Sunday, September 23, 2012

squirrel stew for the haters

Our water tank was low, so don't make fun of our paper plates and bowls
(or my watermelon car air freshener -- I love those things).

People, if you make squirrel stew like I do, it fucking rules. (I get my killer soup/stew making skills from my Ma.) I would challenge anyone to think it's anything but rich chicken.

Crock pots can be evil devices in that whatever you're making can slowly become a gross blob of unappetizing slop, but do it like I did, and you'll be up to your ears in delicious, hearty, mouth-watering stew that you can't quite get enough of. Make some fresh, crusty bread and maybe whip up a quick side salad, and you have a well-rounded meal fit for royalty.

Just be sure to check the liver of every squirrel you kill (to make sure that the meat is fit for human consumption) because as I like to say, burgundy is just dandy, but anything else doesn't belong anywhere on your plate (you heard that here first).

Before doing anything, FREEZE THAT MEAT for a couple of days -- it needs some chilling to tenderize it a bit. Then throw on some tunes and thaw it enough in either hot water or the microwave so that you can separate all the leg and back strap pieces that you previously froze together. Try not to cook it at all if you use the microwave.

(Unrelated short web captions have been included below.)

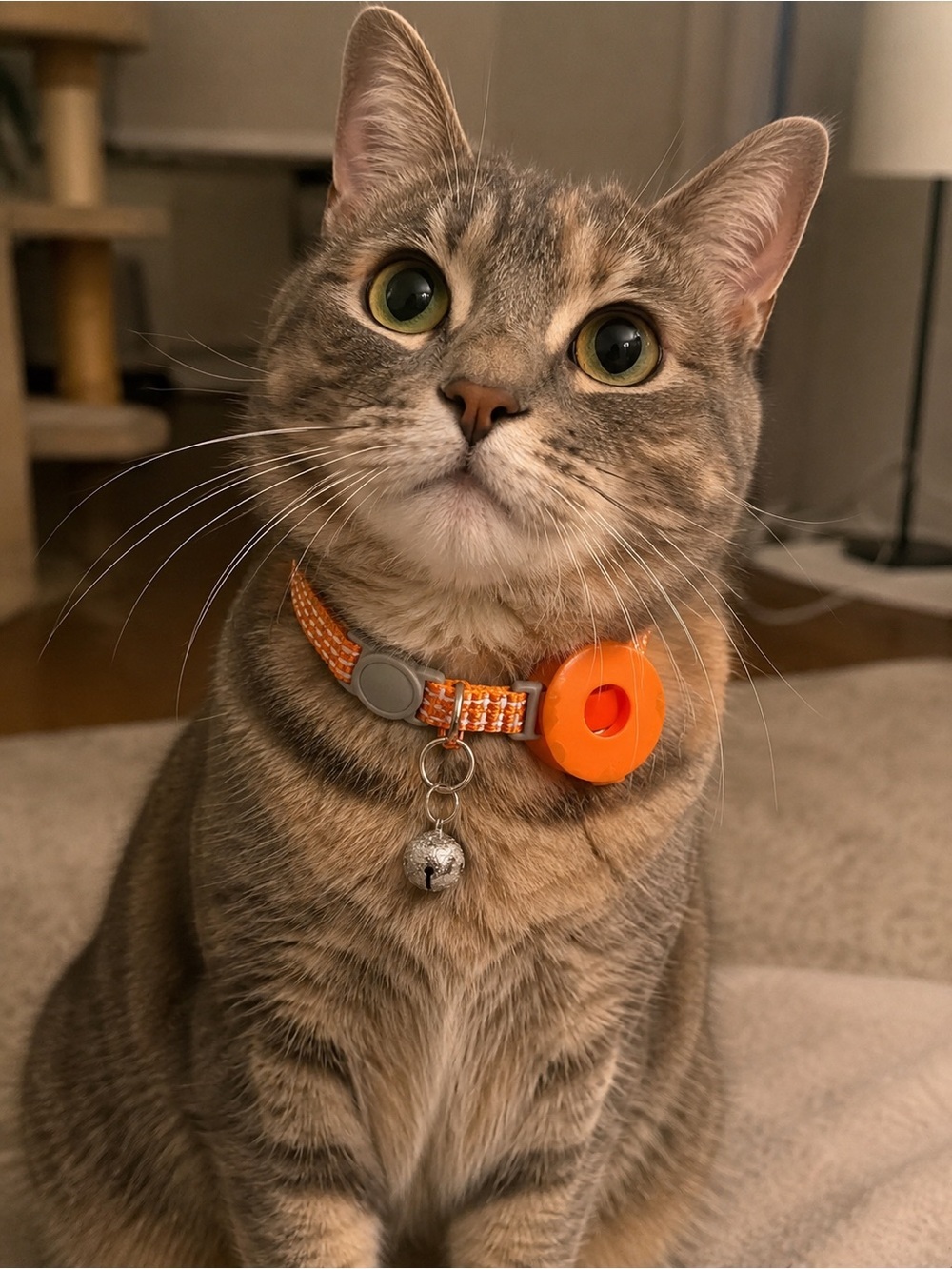 Orange Cat Collar with Orange air tag holder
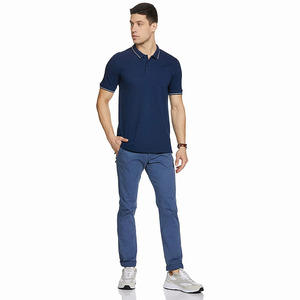 Ropa de moda Nevi Color azul Polo de hombre hecho con poliéster algodón Ropa de oficina Polo de media manga - Product Image 3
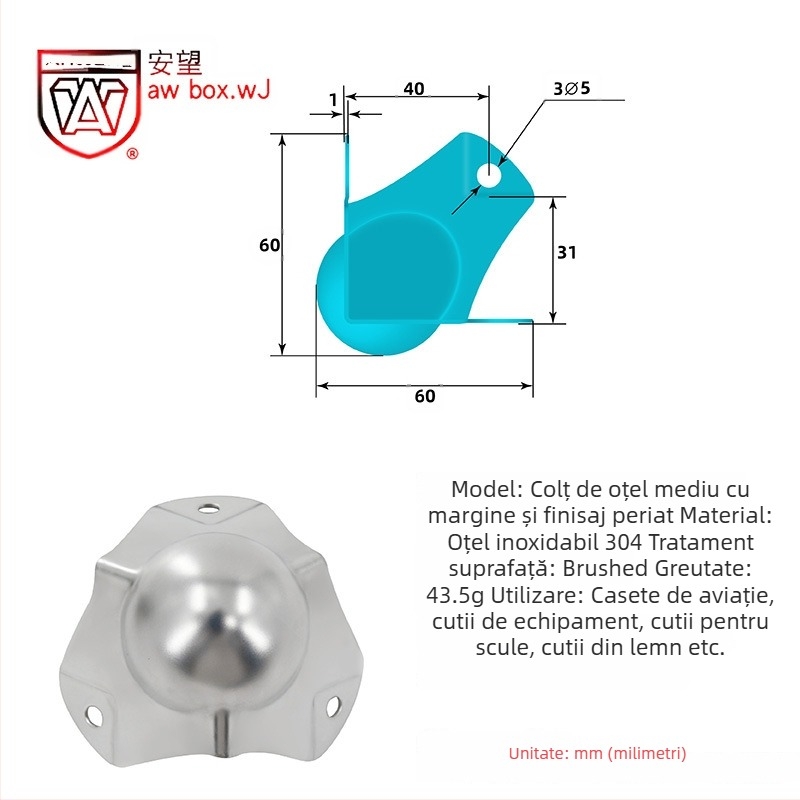 AW Anwang protecție de colț din oțel inoxidabil pentru cutii din lemn, acoperire pe 3 fețe, unghi drept 90°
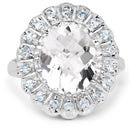 5.90 Carat Genuine Crystal Quartz and Swiss Blue Topaz .925 Sterling Silver Ring-4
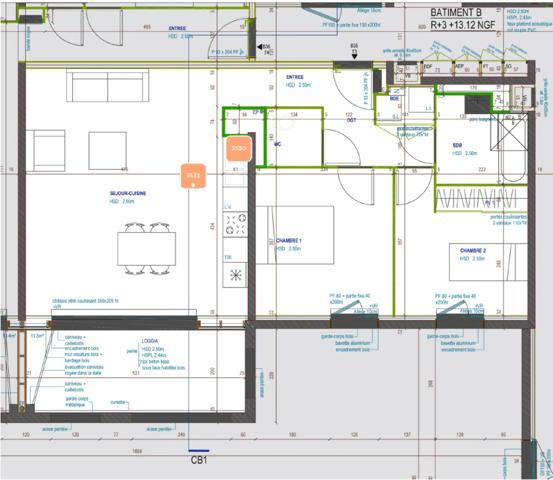 T3 rénové 66 m² – 2 chambres – Balcon 10 m² – Parking sécurisé – Résidence avec ascenseur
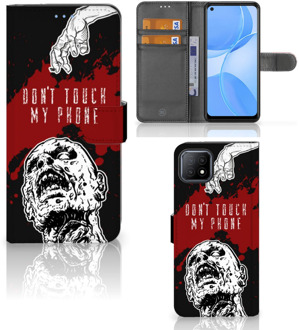 B2Ctelecom GSM Hoesje OPPO A73 5G Book Case met Pasjeshouder Zombie Blood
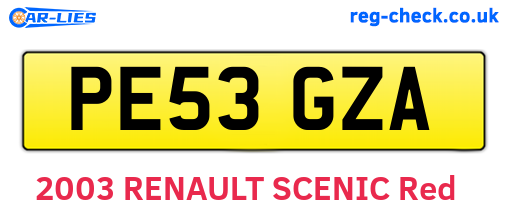 PE53GZA are the vehicle registration plates.
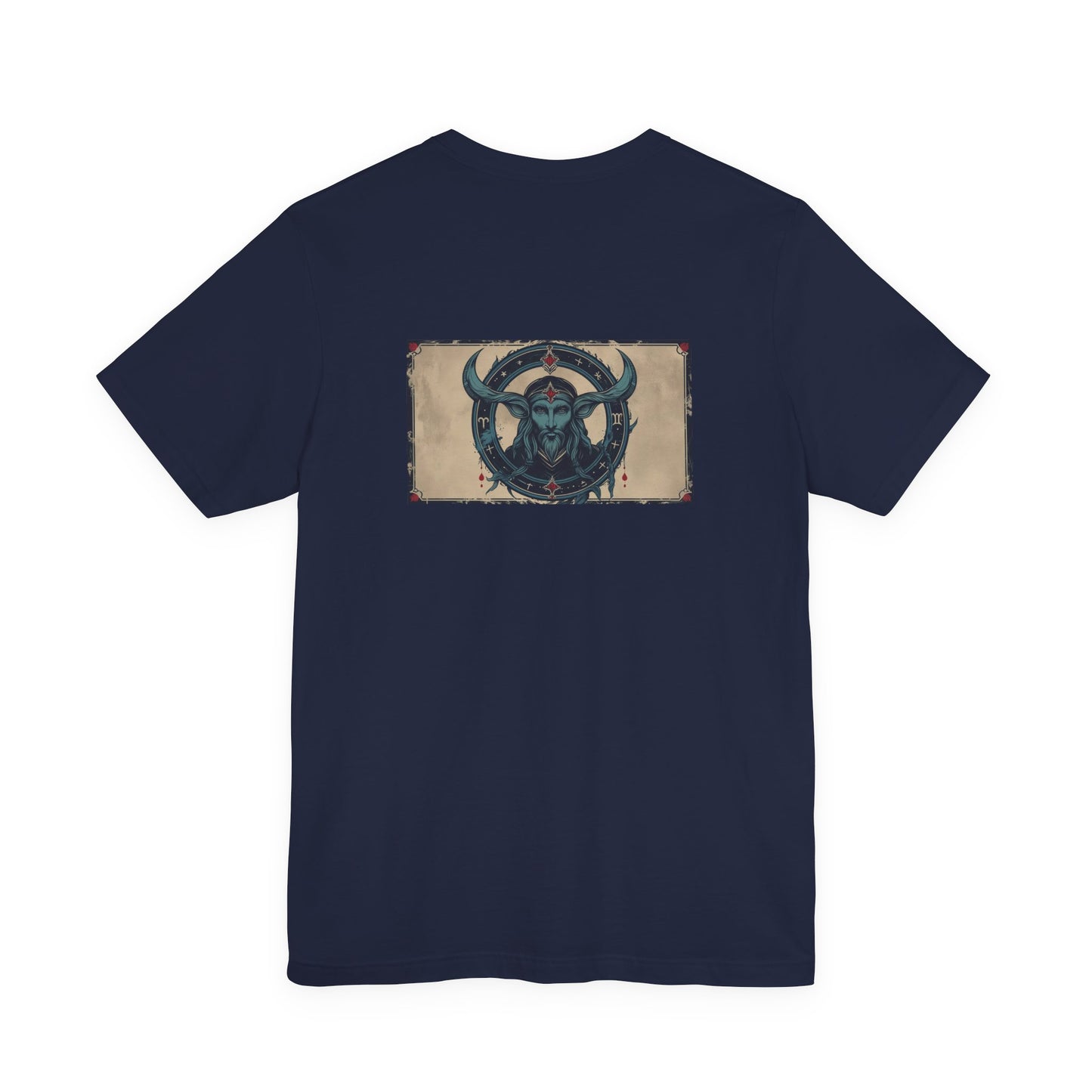 Capricorn - Gothic Zodiac T-Shirt. Blue graphic on the back. Zodiac in the Shadows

Turn up the volume, and PARBOIL THE MEAT (allows you to strip the meat off the bones and also get rid of any remaining fur). You will need:

- The front and back legs as well as back straps of five squirrels, give or take.
- Half a very roughly cut large, white onion.
- Some sort of citrus juice. I threw in a dollop of frozen, concentrated orange juice.
- Lots of salt and pepper.
- Enough water to submerge the meat in whatever cooking vessel you're using.

Boil those fuckers up on medium-high for an hour or two. Drain. Compost the cooked onion. Remove any remaining fur from the meat with some disposable vinyl or nitrile gloves (it comes off a lot easier after parboiling), then using your fingers, extract the meat from the bones, discarding any really icky looking pieces that you don't think you'd be down for eating.

Taste one of the pieces you saved. Realize it tastes pretty good, and then realize again how good this will be in stew.

THROW EVERYTHING IN A CROCK POT AND COOK ON HIGH FOR EXACTLY EIGHT HOURS. You will need:

- About a half pound of bacon, sliced (I've been told Benton's is the bomb, but I just used a supermarket brand).
- The other half of that large, white onion, finely diced (more if you're an onion freak like me).
- 1 carrot, peeled and diced (I just put that in there for the color -- carrots are kinda iffy for me).
- 1 celery stick, diced (eh, more if you want, but celery is a weird vegetable).
- A few garlic cloves, minced (maybe a few more, especially if you married someone of Italian descent like I did).
- 3 small red potatoes, peeled and quartered (potatoes are the blood of stew -- even more so than meat, and this is not up for debate).
- Half a lemon, squeezed.
- About 6 cups of chicken or whatever stock you have on hand (water will do in a pinch -- just add more sea salt).
- Lots of sea salt and even more fresh ground pepper. DON'T BE SHY. Under-seasoned soup/stew is the devil.
- A spicy seasoning like Tabasco or Dave's, unless you're a sissy. Don't be embarrassed.
- A bit of cornstarch for thickening at the end. You'll have to use some judgment here.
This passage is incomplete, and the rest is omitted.